Quando a cobrança de uma dívida tributária chega ao Judiciário, o juiz, que apesar de ser um funcionário do próprio Estado, tem o dever de atuar com imparcialidade, deve possibilitar ao devedor que contrate um advogado para defender os seus interesses. Assim, caso o fato gerador do imposto não tenha ocorrido, ou caso a situação do devedor se enquadre em uma exceção à norma tributária invocada pela Fazenda, ou, ainda, caso a penhora tenha recaído sobre algum bem impenhorável, o juiz deverá, após ouvidas ambas as partes, declarar a inexistência do crédito tributário, extinguir o processo ou determinar o levantamento da penhora.
Essas garantias que o devedor tem são o resultado de um longo processo histórico em que o Estado almejou o poder absoluto sobre os cidadãos e estes, por sua vez, lutaram pela limitação do poder estatal. A Carta Magna, assinada pelo rei João Sem Terra em 1215 na Inglaterra, foi o primeiro documento em que se procurou limitar o poder do estado, especialmente em relação aos aspectos tributários.
Porém atualmente o estado brasileiro tem tomado medidas que vão no sentido contrário, buscando, através de leis, retirar as garantias dos contribuintes.
Bloqueio administrativo de bens
Recentemente foi sancionada a lei federal 13.606 de 2018, que, contrariando as normas legais e constitucionais que mencionaremos adiante, autoriza a Fazenda Pública federal a bloquear os bens dos devedores na fase administrativa sem autorização judicial.
A norma em questão informa que, inscrito o crédito em dívida ativa da União, o devedor será notificado para, em até cinco dias, efetuar o pagamento do valor atualizado monetariamente, acrescido de juros, multa e demais encargos nela indicados.

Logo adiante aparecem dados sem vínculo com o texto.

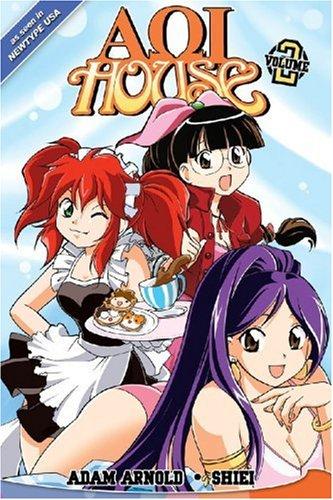 Adam Arnold, Shiei: Aoi House Volume 2 (Paperback, 2006, Seven Seas)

Estabelece ainda que, não pago o débito no prazo de cinco dias, a Fazenda Pública poderá:
a) comunicar a inscrição em dívida ativa aos órgãos que operam bancos de dados e cadastros relativos a consumidores e aos serviços de proteção ao crédito e congêneres; e
b) averbar, inclusive por meio eletrônico, a certidão de dívida ativa nos órgãos de registro de bens e direitos sujeitos a arresto ou penhora, tornando-os indisponíveis (averbação pré-executória).
Tal dispositivo afronta a Constituição Federal inclusive cláusulas consideradas pétreas (normas constitucionais imutáveis, que sequer podem ser objeto de deliberação de proposta de emenda).

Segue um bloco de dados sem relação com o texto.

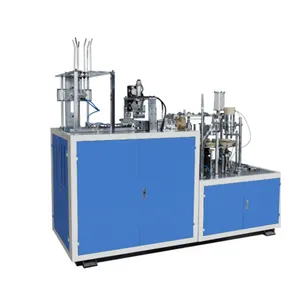 Paper Cup Coffee Paper Making Low Cost Paper Cup Fully Automatic Machine Manufacturer In China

A CF/88 determina no seu artigo 5º a garantia ao direito de propriedade e ao devido processo legal, nos seguintes termos:
“Art. 5º Todos são iguais perante a lei, sem distinção de qualquer natureza, garantindo-se aos brasileiros e aos estrangeiros residentes no País a inviolabilidade do direito à vida, à liberdade, à igualdade, à segurança e à propriedade, nos termos seguintes:
XXII – é garantido o direito de propriedade;
LIV – ninguém será privado da liberdade ou de seus bens sem o devido processo legal”
Deve-se observar que o direito de propriedade se subdivide no direito de usar, gozar e dispor e no direito de reaver a coisa do poder de quem injustamente a ocupe, conforme disposto no artigo 1.228 do Código Civil:
“Art. 1.228. O proprietário tem a faculdade de usar, gozar e dispor da coisa, e o direito de reavê-la do poder de quem quer que injustamente a possua ou detenha”.
Por sua vez, o direito de dispor, significa o direito de abusar da coisa, o direito de alienar o bem, reformá-lo e até destruí-lo.
Para que o Estado prive um proprietário dos seus bens, inclusive retirando dele o direito de alienar o que possui, é obrigatório o transcurso do devido processo legal. Até porque um bem indisponível não pode ser alienado.
E o que é devido processo legal? É o princípio que garante a todos o direito a um processo com todas as etapas previstas em lei, dotado de todas as garantias constitucionais. Por processo, deve-se entender processo judicial.
Portanto, a chamada averbação auto-executória, que permite que a Fazenda Nacional torne indisponível o bem sem o devido processo legal é inconstitucional, pelas razões acima expostas.